From the material below, retype exactly the lines that begin at the line with "The last type" and end after the line with "me know if this"; pictures stay out of the copy.

---------- Data extract

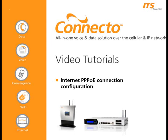Configuring a connection to an ISP based on the PPPoE protocol. This tutorial shows how the Connecto system can be configured to establish a connection with an internet service provider based on the PPPoE protocol.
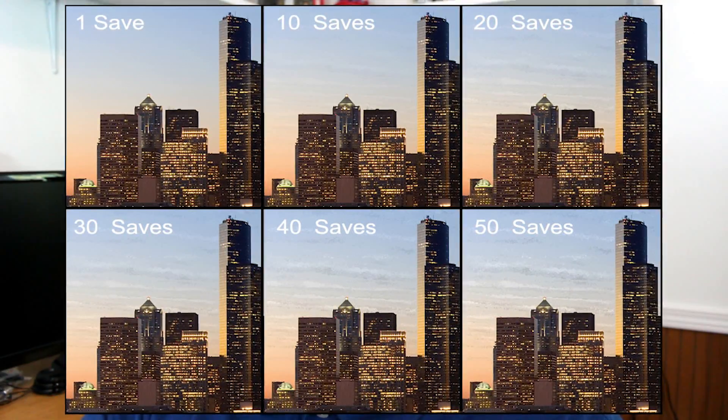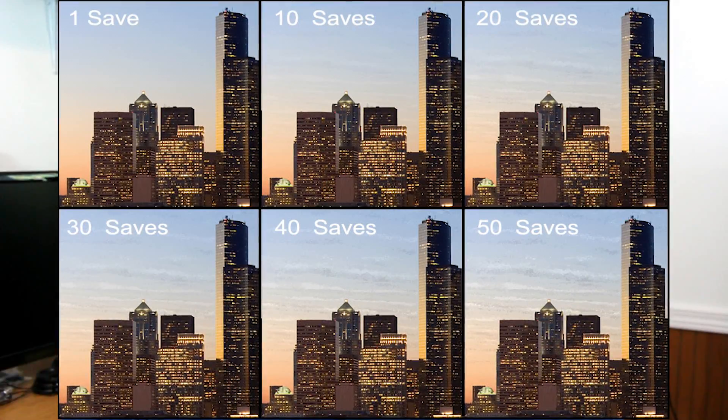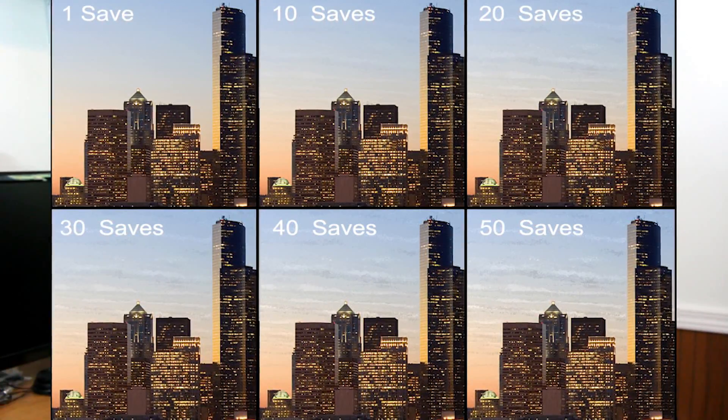So what is the difference between PNG and JPG or JPEG image formats? Well, the main difference between the two is the compression algorithm that they use. JPEG uses a lossy compression algorithm, which means JPEG gets rid of some of the image information to save the file and make it smaller. JPEGs are typically smaller than PNGs, but the reason for that is because they remove some of the image information when they save.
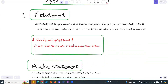First, we will talk about the if statement. An if statement in APEX consists of a boolean expression followed by one or more statements. If the boolean expression evaluates to true, the code block associated with the if statement is executed. For example, if amount is greater than 15, we evaluate the expression to true or false, and if the expression is true, then we execute the code.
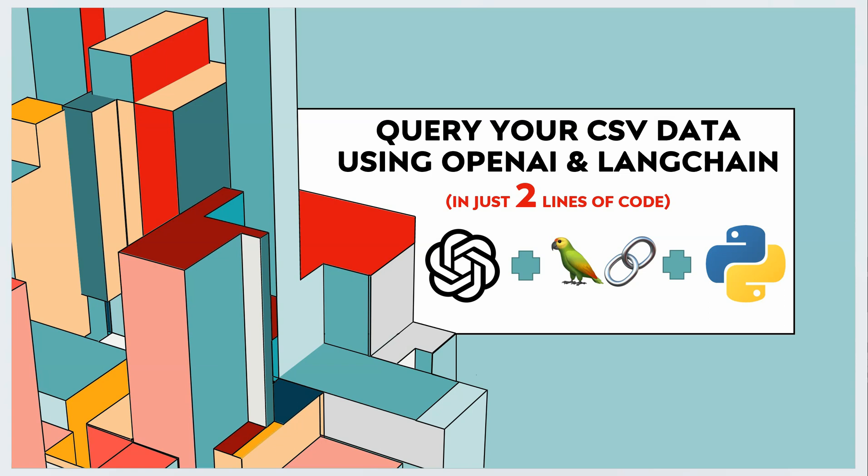In this video I will show you how you can query your CSV data in just two lines of code, and here we are using OpenAI, LangChain agents, and Python as a programming language. So let's get started.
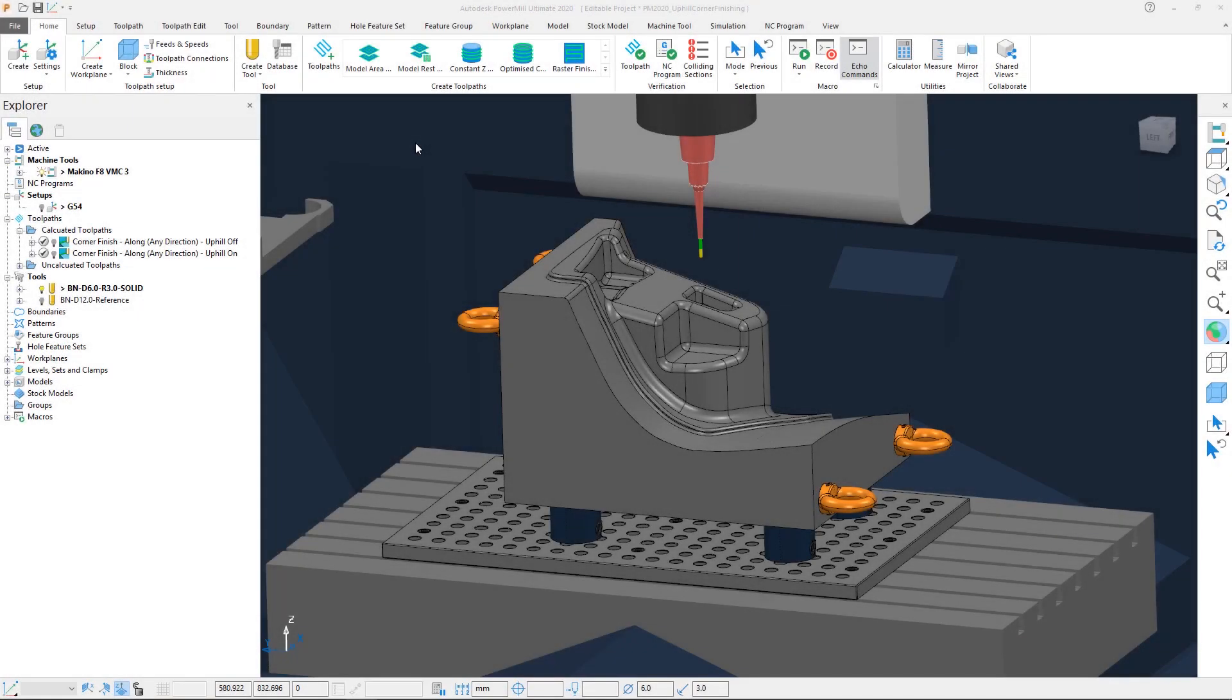In some cases, cutting steep corners in a downward direction can compromise cutting conditions, resulting in increased likelihood of tool chatter or vibration, possibly even causing the tool to push off from the surface to be cut. This can degrade the surface finish and increase the chance of tool breakage. Uphill cutting changes the loads applied to the cutter, reducing the likelihood of these issues.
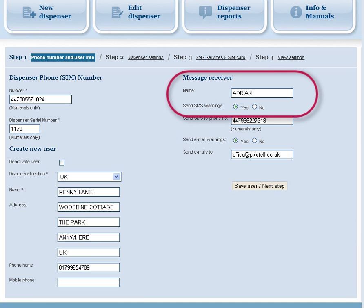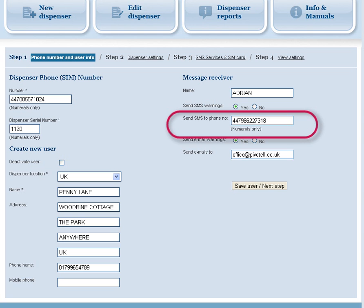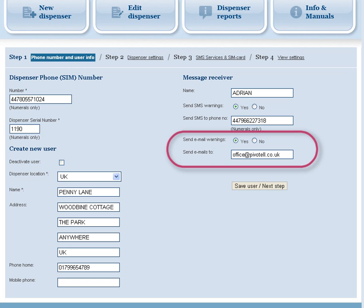Next, enter the name of the person who is to receive the message. Click on the Yes or No fields to activate SMS messaging, and enter the receiving mobile phone number. Be sure to prefix the number with double four and to delete the first zero. Click on the Yes or No fields to activate email messaging, and enter the email address.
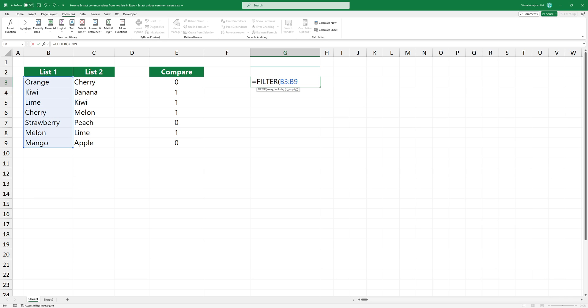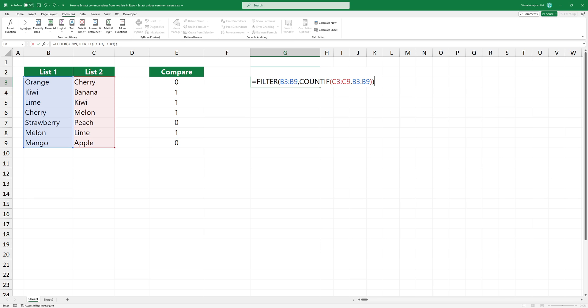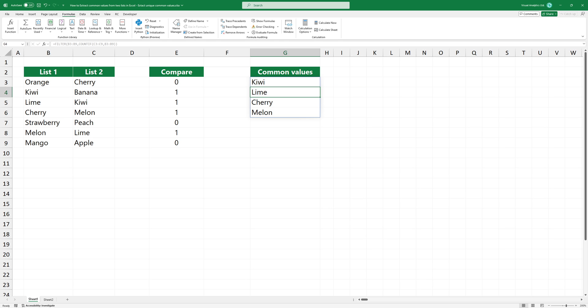The INCLUDE argument is the COUNTIF expression. This combination tells Excel to look at each value in list 1 and count how many times it appears in list 2. And if that count is more than 0, the FILTER function will include it in the output.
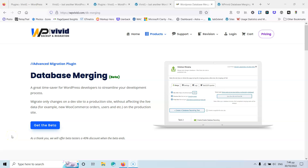In this video we're going to check out the database merging plugin from WP Vivid. Hi, my name is Stratos and I create video tutorials about WordPress on this channel. Please subscribe for more videos like this.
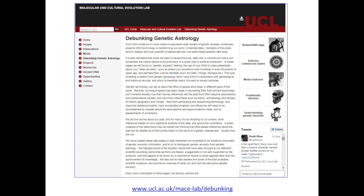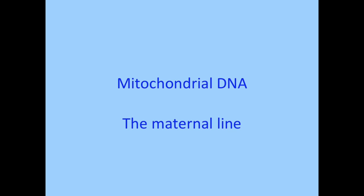A word of warning about haplogroups: some British companies get rather carried away with storytelling. There was a programme last week telling the Hairy Bikers they were Vikings. The haplogroups are not associated with being Viking or Celtic or Pictish. The haplogroups tell us about living people and the distribution today — they do not tell us about the distribution of haplogroups 1,000 or 2,000 years ago. We have a website at UCL where we debunk some of these myths from the dodgier companies.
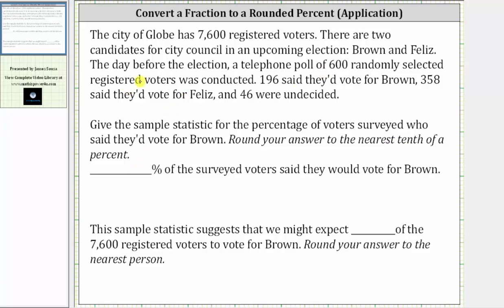There were 600 voters surveyed. Of the 600, 196 said they'd vote for Brown, and therefore the fraction that voted for Brown would be 196 out of 600, giving us the fraction 196 over 600.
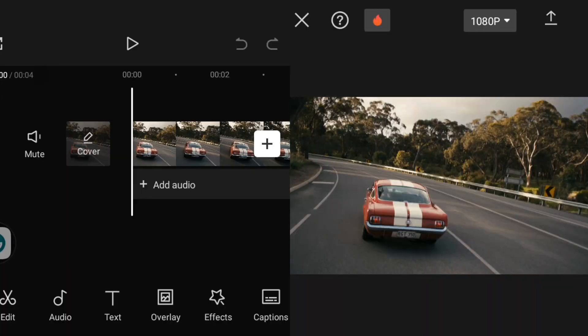Color isolation is all about making one color stand out. In this video I'm going to make my car's red color stand out from other colors. This color isolation gives your video a cinematic look.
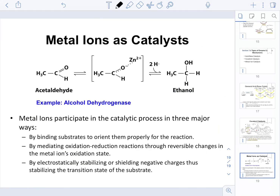The last type of catalysis is metal-ion catalysis. Metal ions participate in the catalytic process in three major ways: they bind substrates to properly orient them in the reaction; they mediate oxidation-reduction reactions through reversible changes in the metal ion's oxidation state; and they electrostatically stabilize or shield negative charges, thereby stabilizing the transition state of the substrate.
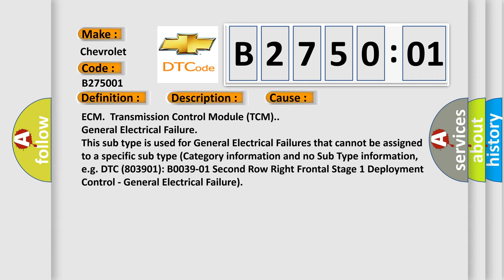ECM Transmission Control Module TCM General Electrical Failure. This subtype is used for general electrical failures that cannot be assigned to a specific subtype category information and no subtype information.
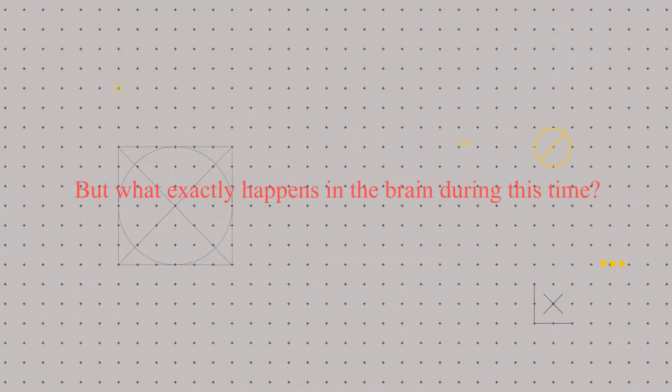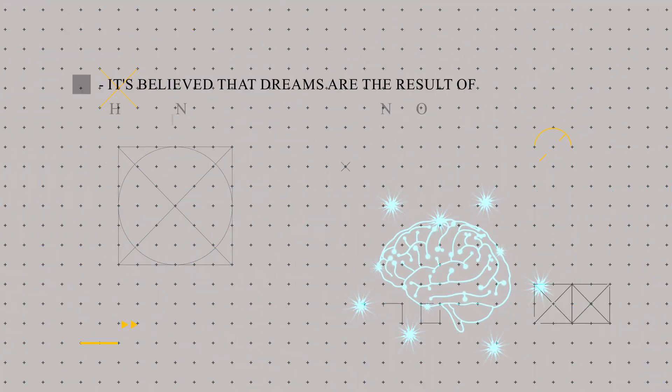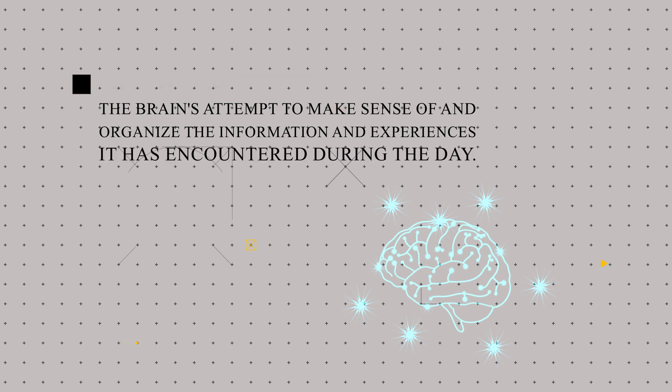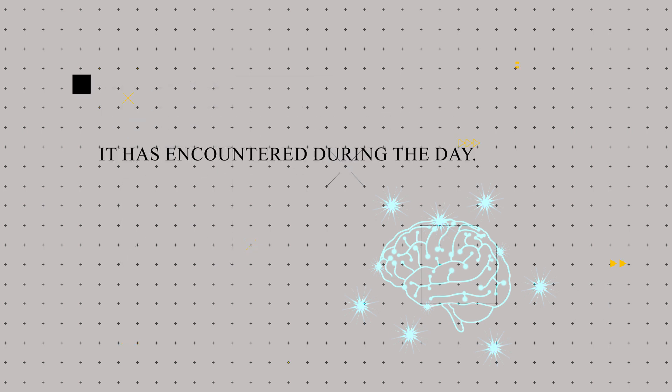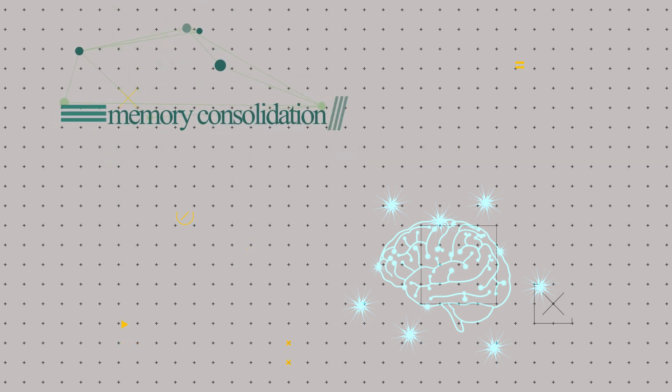But what exactly happens in the brain during this time? It's believed that dreams are the result of the brain's attempt to make sense of and organize the information and experiences it's encountered during the day. This process is known as memory consolidation.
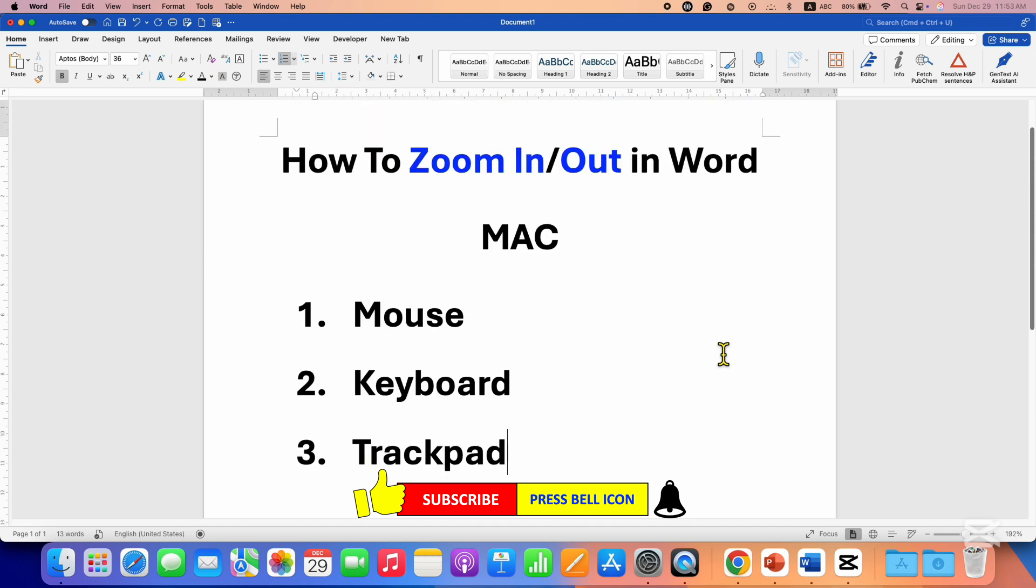me know if this video solved your problem, and don't forget to check out these useful videos if you want to learn Word on Mac quickly. See you again in the next one.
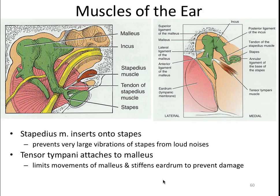Throughout the day your ear is encountering loud sounds and trying to protect itself, compensating for all the sounds you encounter. While you're asleep, it's quiet and it resets itself — similar to how photo pigments reset. So when you turn on the TV first thing in the morning, your ears are particularly sensitive and that sound seems really loud. That's a fun little fact about ear adaptation.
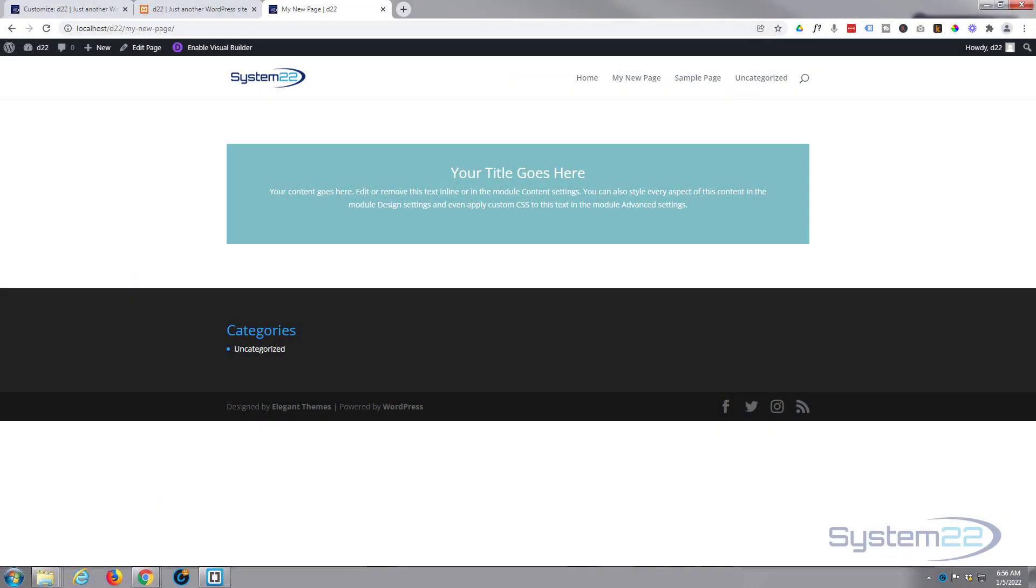Hi guys and welcome to another Divi theme video. This is Jamie from System22 and webdesignandtechtips.com. In this Divi theme basics video we're going to show you how to add a section, a row, and add a module.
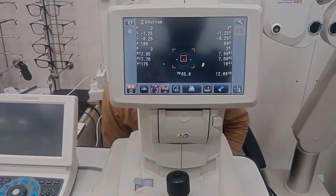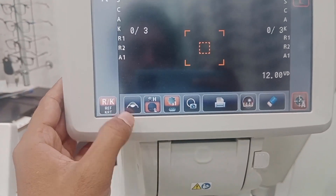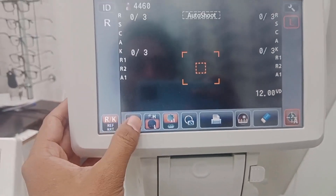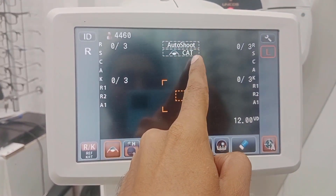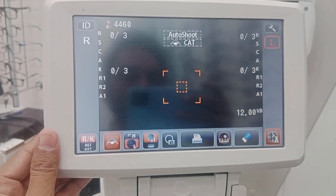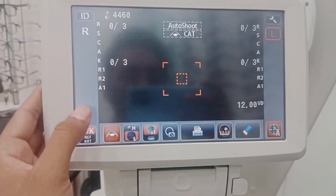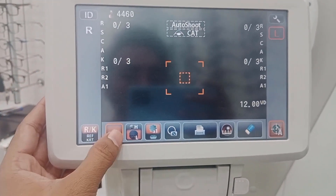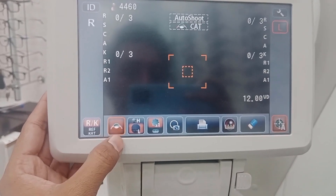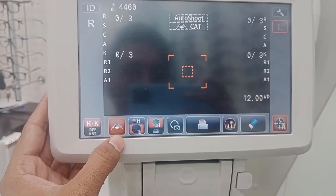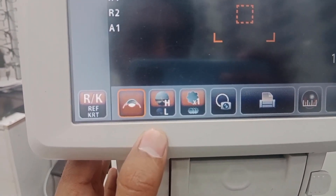This is an important setting called auto shoot cataract. You can diagnose cataracts easily with this setting if the patient is cataractous.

--------------------

> Response for this exercise
The last type of catalysis is metal-ion catalysis. Metal ions participate in the catalytic process in three major ways: they bind substrates to properly orient them in the reaction; they mediate oxidation-reduction reactions through reversible changes in the metal ion's oxidation state; and they electrostatically stabilize or shield negative charges, thereby stabilizing the transition state of the substrate.
ECM Transmission Control Module TCM General Electrical Failure. This subtype is used for general electrical failures that cannot be assigned to a specific subtype category information and no subtype information.
But what exactly happens in the brain during this time? It's believed that dreams are the result of the brain's attempt to make sense of and organize the information and experiences it's encountered during the day. This process is known as memory consolidation.
me know if this video solved your problem, and don't forget to check out these useful videos if you want to learn Word on Mac quickly. See you again in the next one.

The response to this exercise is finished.